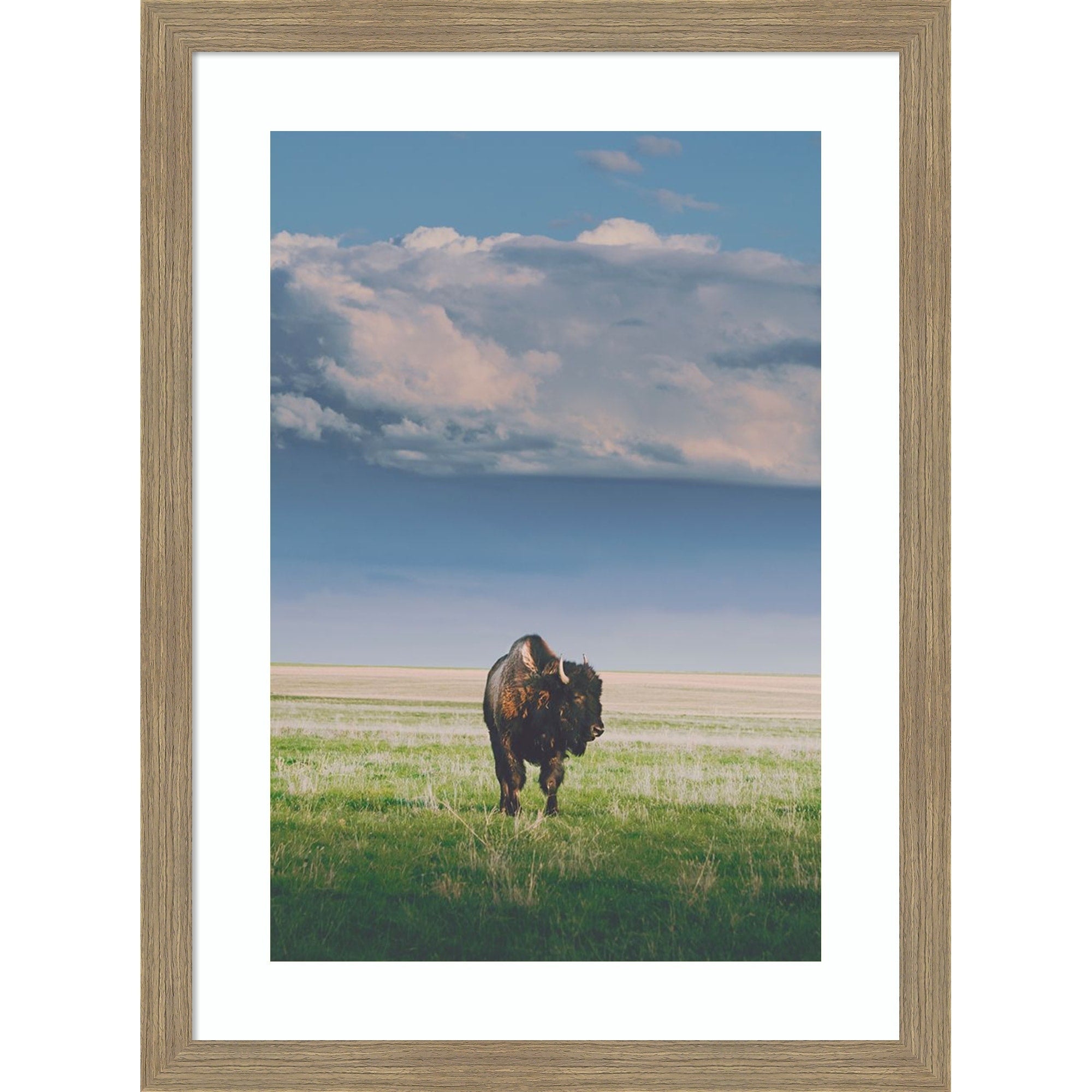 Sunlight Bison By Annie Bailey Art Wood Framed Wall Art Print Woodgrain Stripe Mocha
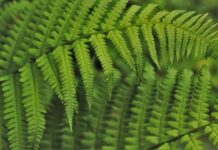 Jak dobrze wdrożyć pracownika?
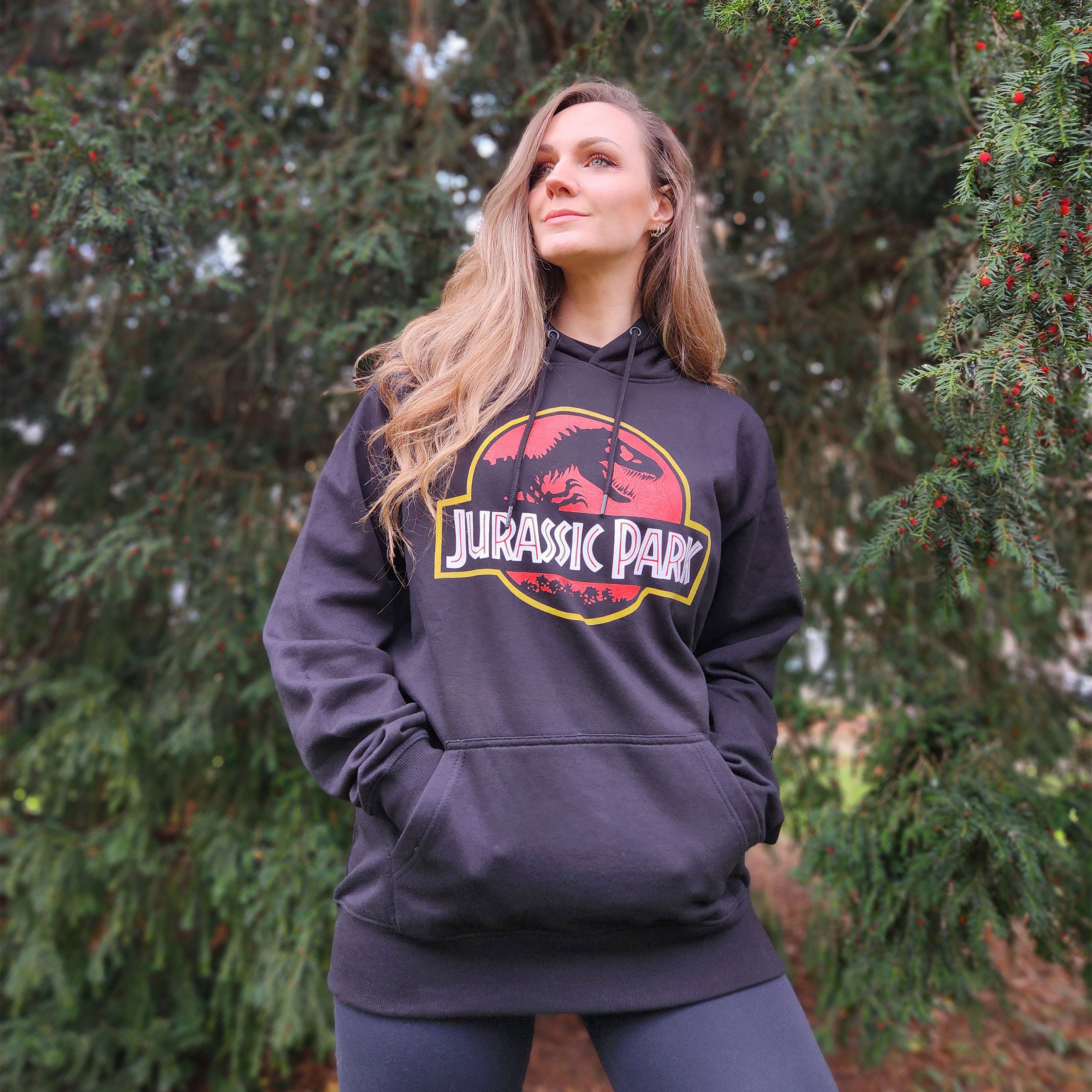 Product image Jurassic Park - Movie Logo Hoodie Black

ACTION ITEM:
Everything in the data except the pictures must appear in your answer unchanged.

PROBLEM SOLUTION:
 Sunlight Bison By Annie Bailey Art Wood Framed Wall Art Print Woodgrain Stripe Mocha
 Jak dobrze wdrożyć pracownika?
 Product image Jurassic Park - Movie Logo Hoodie Black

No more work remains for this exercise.